● Description of the task
Below this line is a listing that includes pictures. Copy exactly, and only, the lines from the one containing "Golden creative crystal" through the one containing "Říční perly propletené tmavé sada"; the pictures do not go in the copy.

● Materials provided
##############################
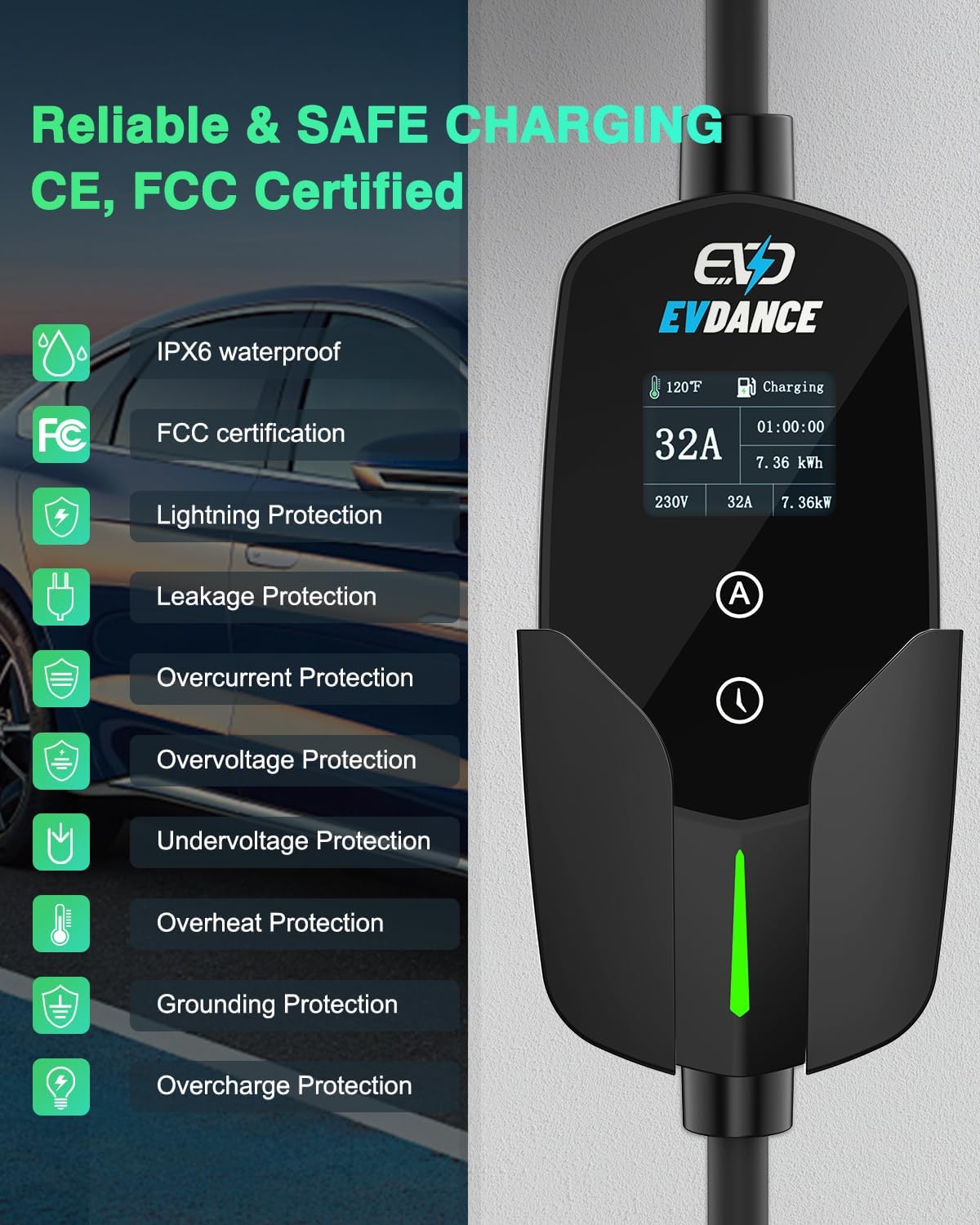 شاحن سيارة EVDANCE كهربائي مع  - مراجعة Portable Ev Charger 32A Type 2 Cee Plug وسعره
##############################
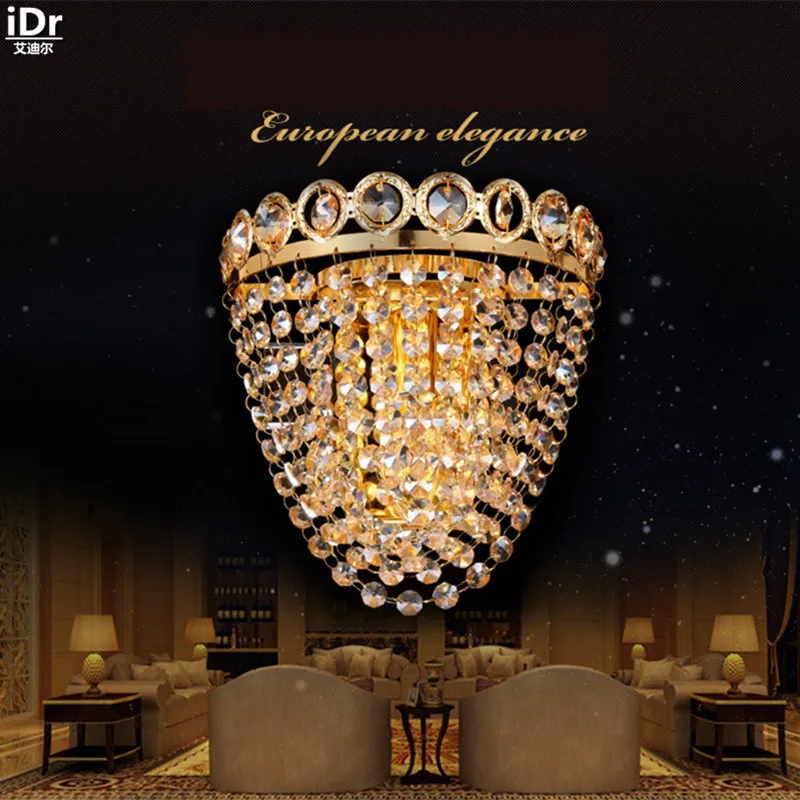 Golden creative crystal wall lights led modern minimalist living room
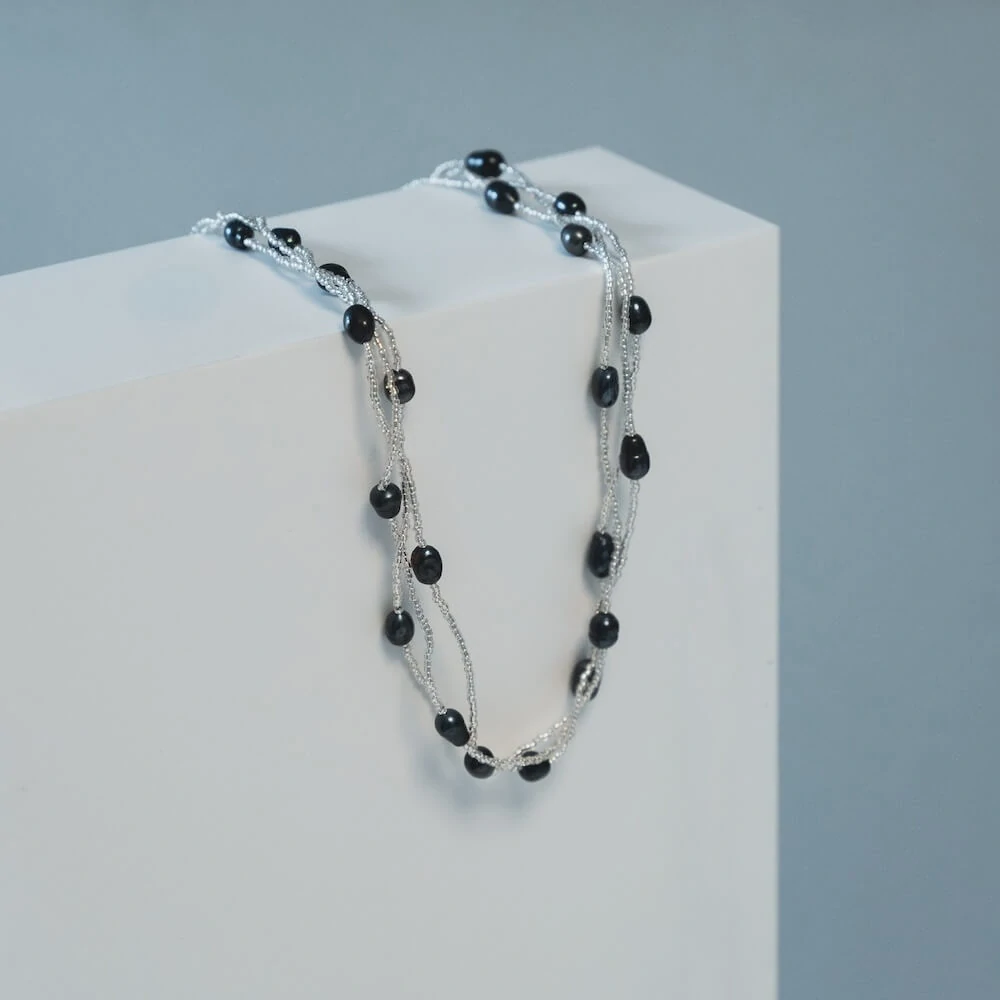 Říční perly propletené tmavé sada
##############################
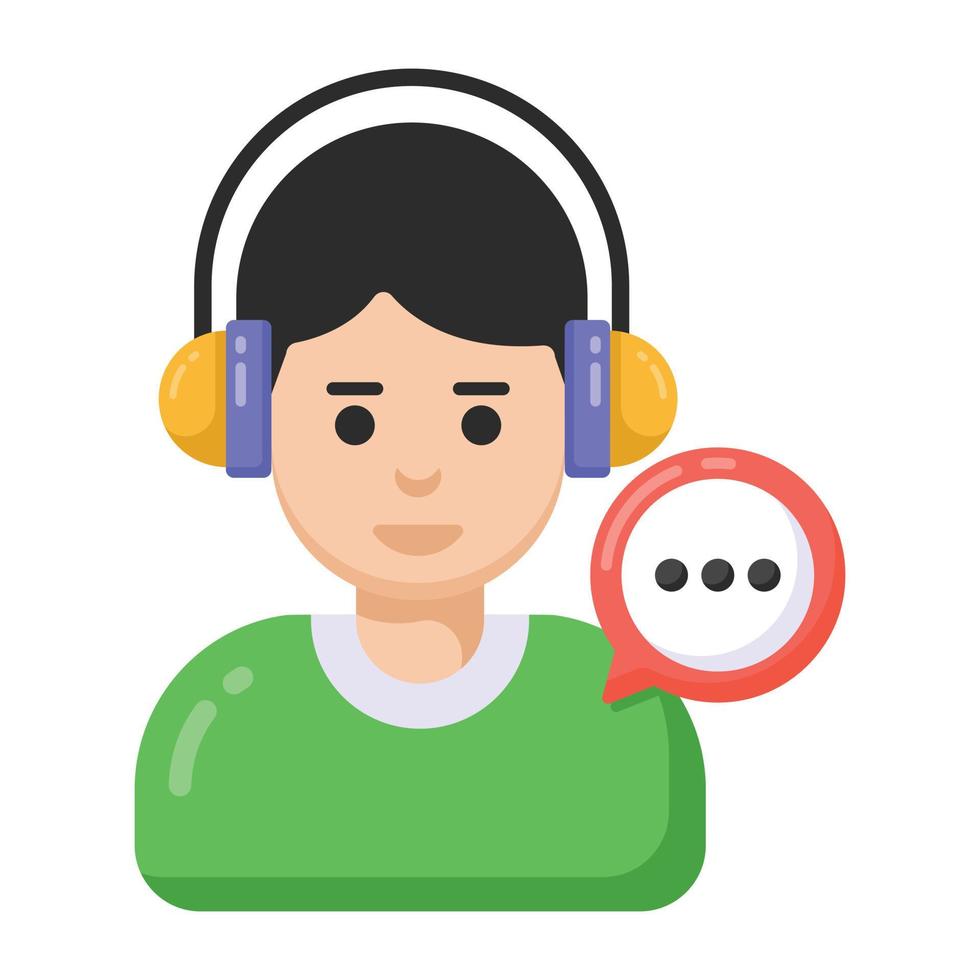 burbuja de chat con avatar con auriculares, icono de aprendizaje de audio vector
##############################
● Response area
 Golden creative crystal wall lights led modern minimalist living room
 Říční perly propletené tmavé sada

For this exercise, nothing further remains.